All the recs for stuff like Brooks and Eddings wouldn't have bugged me so much if they hadn't been so uncritical. If those friends had been more like "well, the prose is a little clunky and the plot is a bit derivative, but I really like these characters" I would have had more realistic expectations when I picked them up. But it was more in the vein of gushy "oh, it's the coolest thing since Tolkien!" and...no, just not even close. I got burned a few times like that following their recs, since we *did* have a bunch of favorite books in common and some of their recs (mostly SF) did click with me, but I eventually figured out that in epic fantasy in particular, our tastes just Did Not Synch very well. I'm really just insanely hypercritical and anything that whiffs even slightly of being too derivative or genre-cliched, or some prose styles that I could forgive in other genres, put me right out of the groove in high fantasy. Maybe back when I was reading fantasy more voraciously I could have enjoyed those, but not anymore.

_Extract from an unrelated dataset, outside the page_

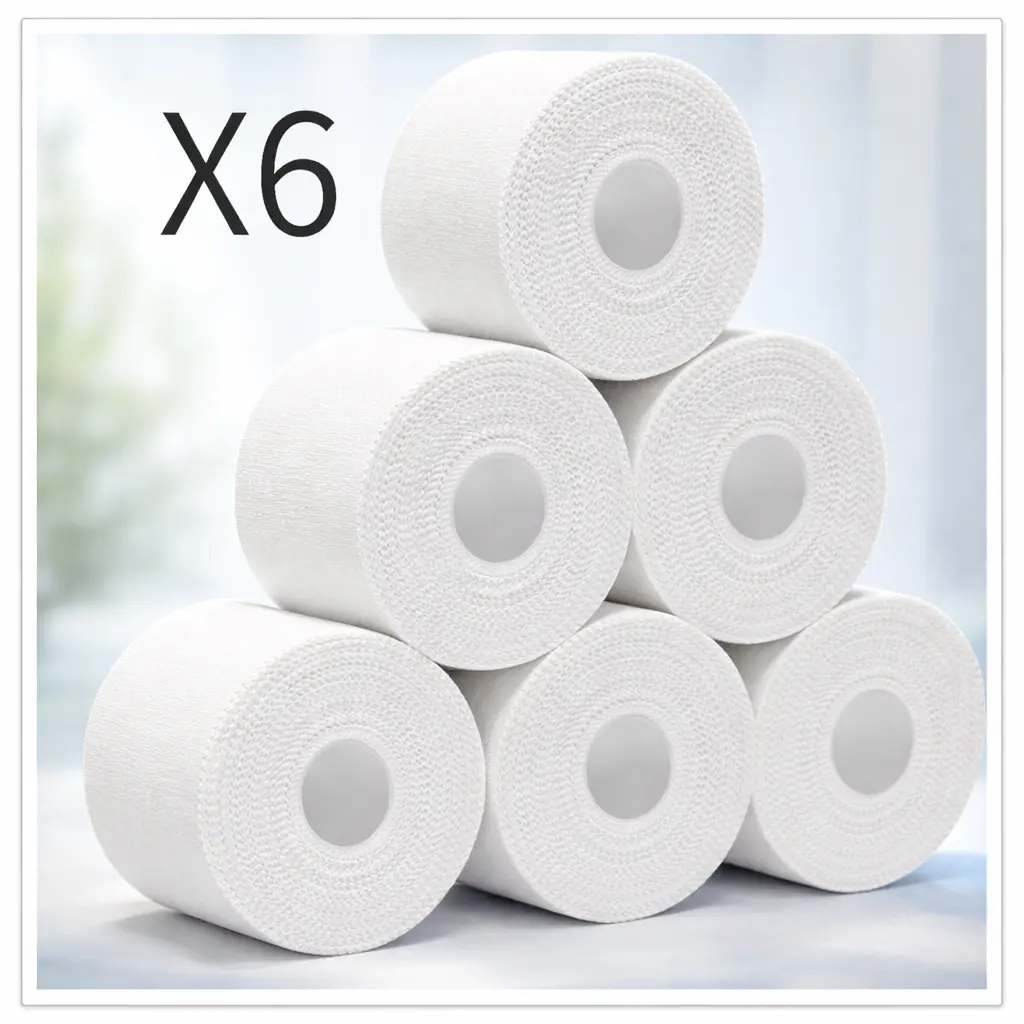 6 Pack car accessories White Athletic Tape, 1.5 Inch * 27 Feet Per Roll, Total 162 Feet, Professional Sports Tape, Rock Tape, Kinesiology Tape & Hemming Tape, Strong Easy Tear No Residue Wrist Ankle Tape for Football Climbing Soccer Gymnastics Injuries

I have a feeling the book was something I saw at the bookstore the other day that sounded like something you'd like and I'd planned to ask if you'd read it, but forgot to write it down.
Was it F/SF? If it was, and something published in the last 15-20 years or so, the answer is "probably not". If it was something more on the horror/paranormal side of the fence, odds are slightly better.
I am curious about the Bear/Monette books, now though.
It's a one-shot, A Companion To Wolves, published late last year. I haven't read it yet, but it sounds like it's very, very much my sort of thing. Here's a bit from
It's like the sex and mud and beard lice in A Companion to Wolves. No sex, no beard lice, no book. Because part of what that book is about is an argument with the tendency, in certain tendrils of the fantasy genre, to kind of sweep anything vaguely unpleasant under the rug. The Inciting Incident, of course, was the infamous semi-elided dragon-mediated rapes and less-infamous extremely-elided institutional homosexuality in the early Pern novels. But then the book takes on a life of its own, and the worldbuilding does too, and if you pull out that one thread (i.e., isn't a bit icky that dragonriders are making off with teenaged boys, some of whom are going to wind up bonding to green dragons, and we all know what those green dragons are like, and wouldn't it be interesting to tackle those social issues head-on rather than eliding them) then the whole structure of the book collapses. And you essentially have a fuzzy wish fulfillment fantasy about a boy and his wolf fighting trolls and obtaining an understanding of the world, and the world really doesn't need another one of those.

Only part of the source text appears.